WORK ITEM - An exact transcription of all the data is required; the pictures are to be left out.

• • • •

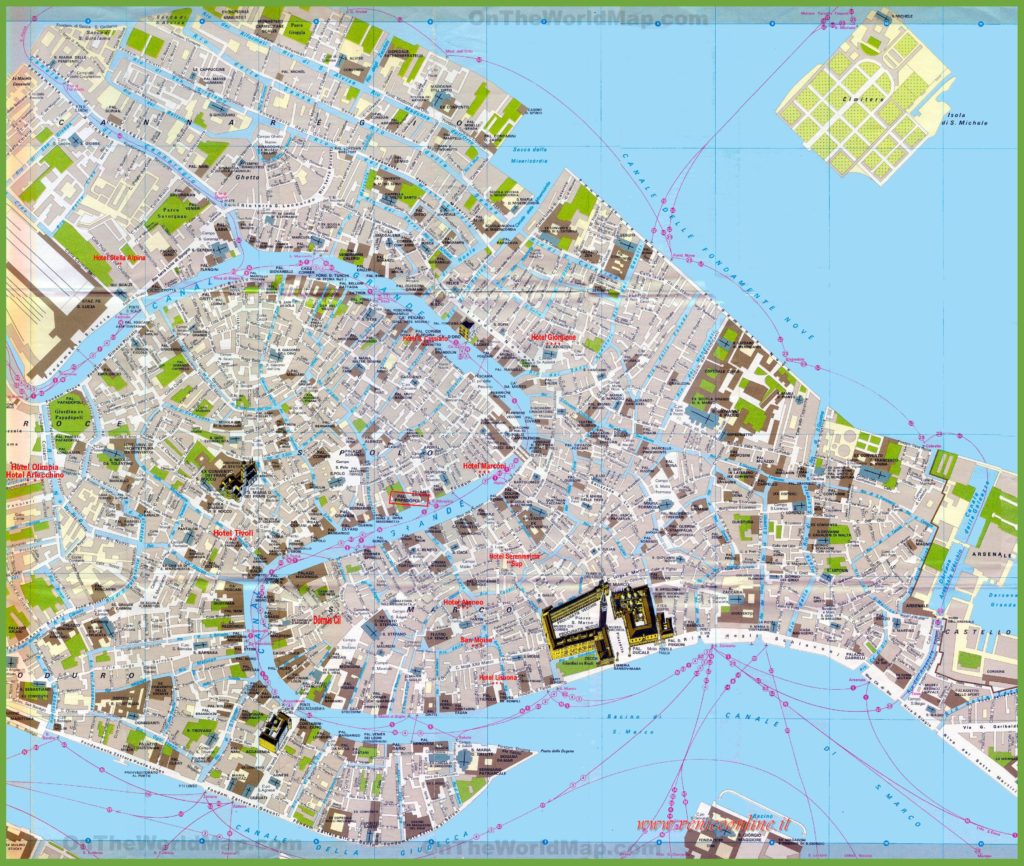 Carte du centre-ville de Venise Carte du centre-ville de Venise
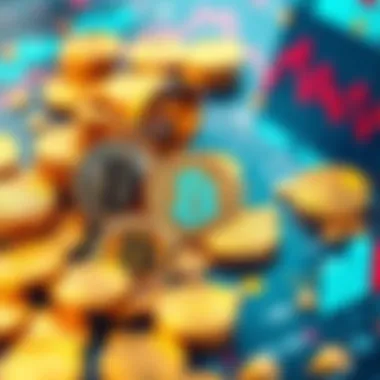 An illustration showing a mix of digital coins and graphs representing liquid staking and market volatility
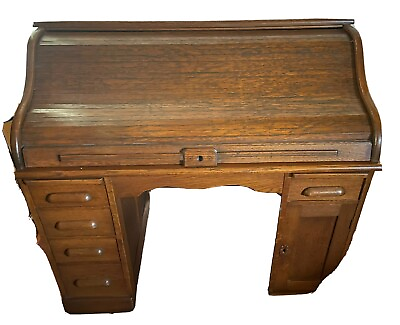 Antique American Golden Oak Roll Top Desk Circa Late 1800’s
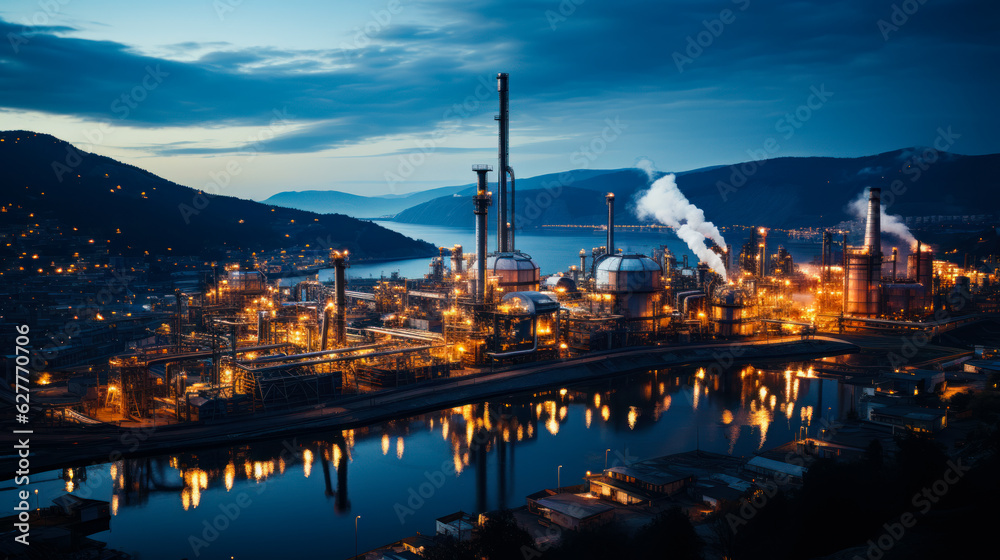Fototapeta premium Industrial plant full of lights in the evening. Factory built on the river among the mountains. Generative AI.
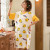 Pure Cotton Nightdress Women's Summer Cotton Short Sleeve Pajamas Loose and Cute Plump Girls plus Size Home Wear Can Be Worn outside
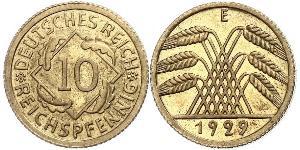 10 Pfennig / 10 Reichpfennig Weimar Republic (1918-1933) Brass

• • • •

RESULT FOR THIS EXERCISE -
 Carte du centre-ville de Venise Carte du centre-ville de Venise
 An illustration showing a mix of digital coins and graphs representing liquid staking and market volatility
 Antique American Golden Oak Roll Top Desk Circa Late 1800’s
Fototapeta premium Industrial plant full of lights in the evening. Factory built on the river among the mountains. Generative AI.
 Pure Cotton Nightdress Women's Summer Cotton Short Sleeve Pajamas Loose and Cute Plump Girls plus Size Home Wear Can Be Worn outside
 10 Pfennig / 10 Reichpfennig Weimar Republic (1918-1933) Brass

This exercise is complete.